With the full knowledge and blessing of the Church, the Ustashe launched a policy of murder, expulsion and forced conversion of Serbs almost immediately after establishing the NDH - and long before Hitler's endloesung. The methods used by the Ustasha and the joy with which they murdered horrified even some German observers. In addition to massacring Serb civilians and hunting royalist and communist partisans, NDH units also fought for the Reich, mainly in the East.
After the war was lost, Croat clergy used its Vatican connections to smuggle notable Ustashe and Nazis out of Europe; the Allies did not interfere, as the same organization smuggled valuable Nazis into the West, where they would be enlisted for the looming standoff with the Soviets.
Alojzije Stepinac, the Archbishop of Zagreb and the vicar to Ustasha poglavnik Ante Pavelić, was arrested and imprisoned by the Communists for his complicity in Ustasha crimes. He died under house arrest in 1960. Pope John Paul II beatified him in 1998, setting off a storm of protests from Serbs and Jews.
After the war, thousands of NDH troops were captured and executed by the Yugoslav Communist forces, along with other non-Communist militias (many of which collaborated with the Germans). Their deaths are now referred to as the "Path of the Cross" (križni put).
In 1990, Franjo Tudjman's Croatian Democratic Union - funded in part by Ustasha emigres - won the general elections in Croatia, and proceeded to rehabilitate the NDH, sometimes in name but more often in fact. Most criticism has focused on Tudjman's reintroduction of the checkerboard flag, but a far worse offender has been the resurrection of NDH-era vocabulary. Tudjman even introduced the "new" currency, named after the NDH currency of 1941-45. Furthermore, Tudjman resurrected the anti-Serb rhetoric of Pavelić, setting off a civil war after Croatia's secession from Yugoslavia. The war resulted in almost-complete expulsion of Serbs who lived in territories claimed by Croatia, something even Pavelić failed to accomplish. The day Croatian armies entered the capital of the rebel Serb republic is now a national holiday, "Homeland Gratitude Day."

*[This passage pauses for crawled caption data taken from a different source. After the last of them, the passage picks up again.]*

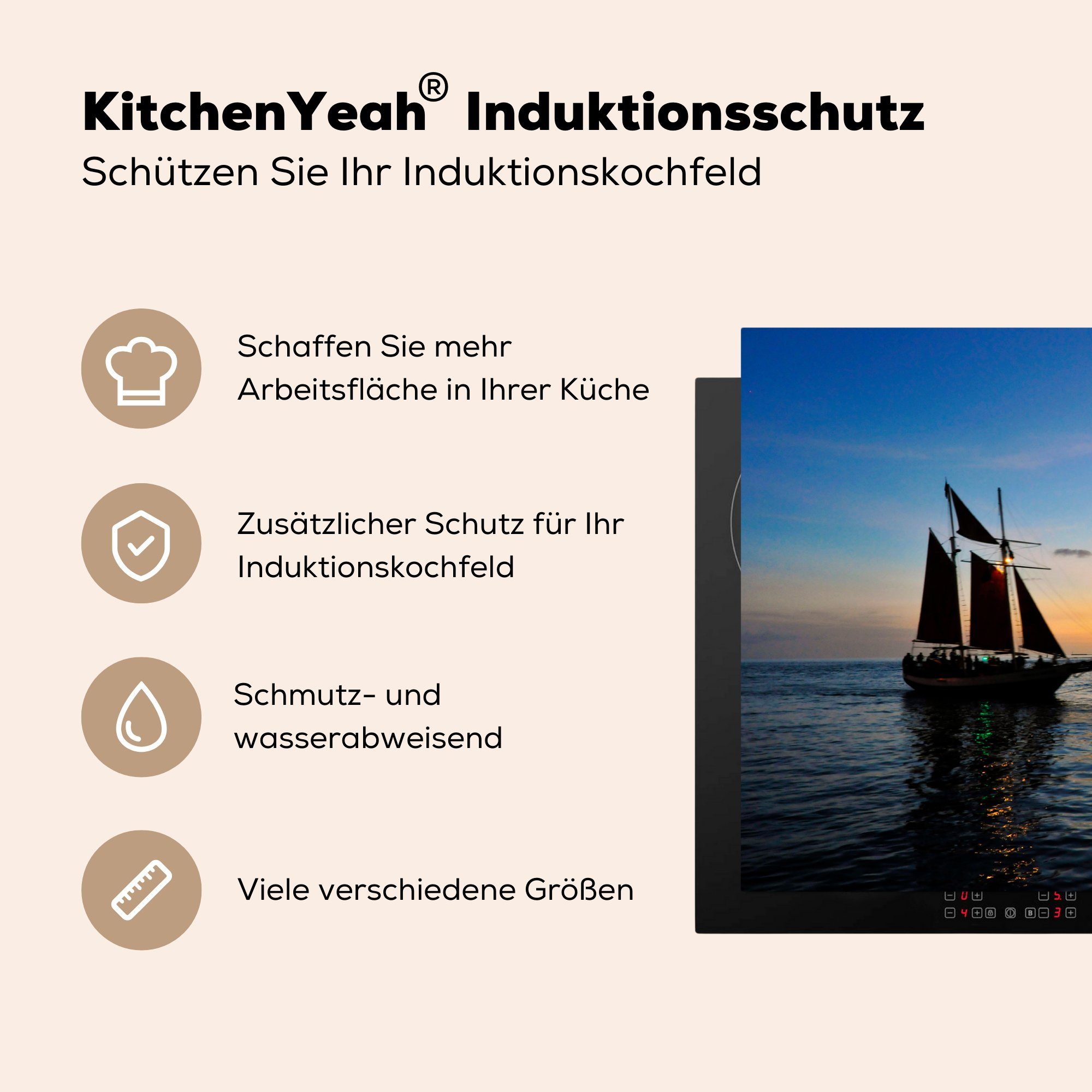 MuchoWow Herdblende-/Abdeckplatte auf von Segelboot (1 Induktionskochfeld Meer dem Ceranfeldabdeckung Florida in für Schutz der Nähe bei 81x52 die Vinyl, küche, cm, Sonnenuntergang, tlg)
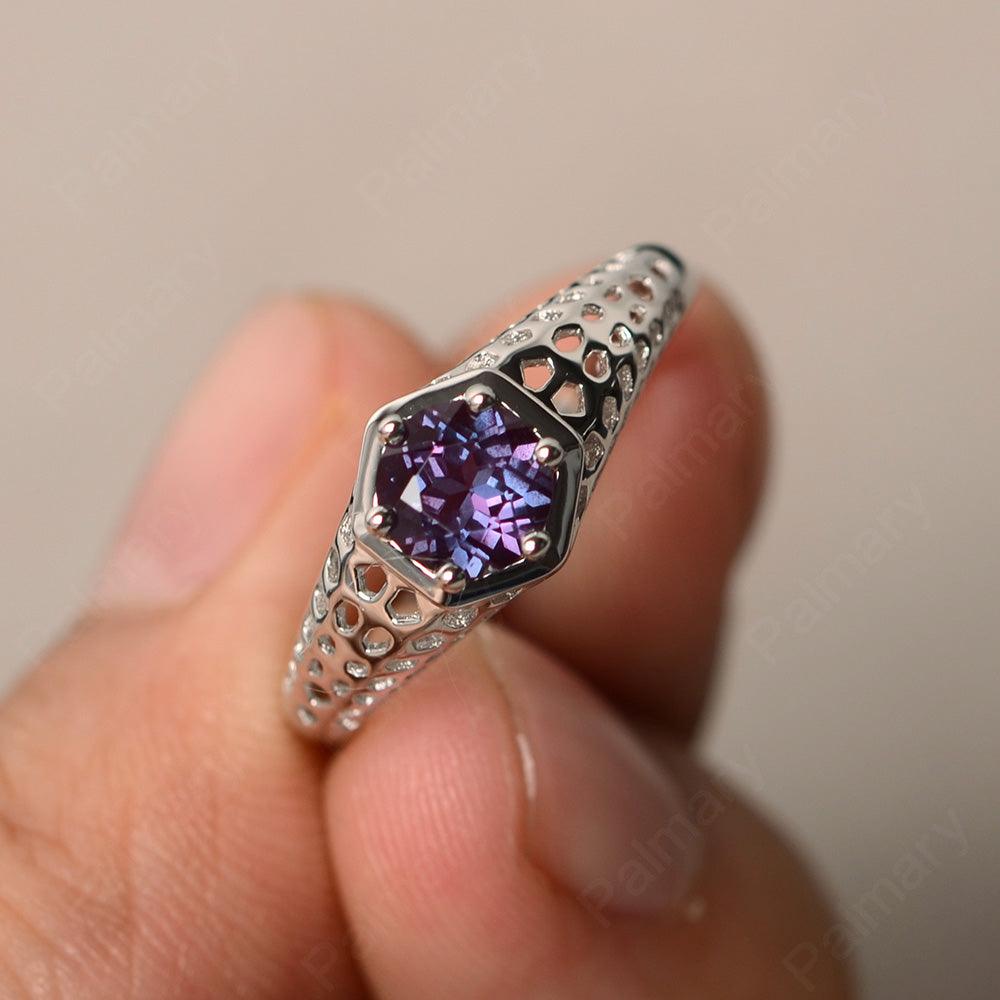 Vintage Alexandrite Hollow-out Ring - Palmary
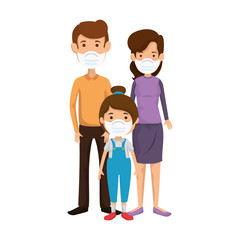 parents with daughter using face mask vector illustration design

Tudjman died in 2000, and the successive governments visibly moderated their position on Serbs under the pressure of international public opinion. But Tudjman's NDH-inspired imagery, language and holidays remain. The Catholic Church is refusing to admit wrongdoing in the NDH, and is proud of its support for Tudjman. So one should not be surprised that small groups of open NDH sympathizers celebrated Sunday's anniversary, but that there weren't more of them.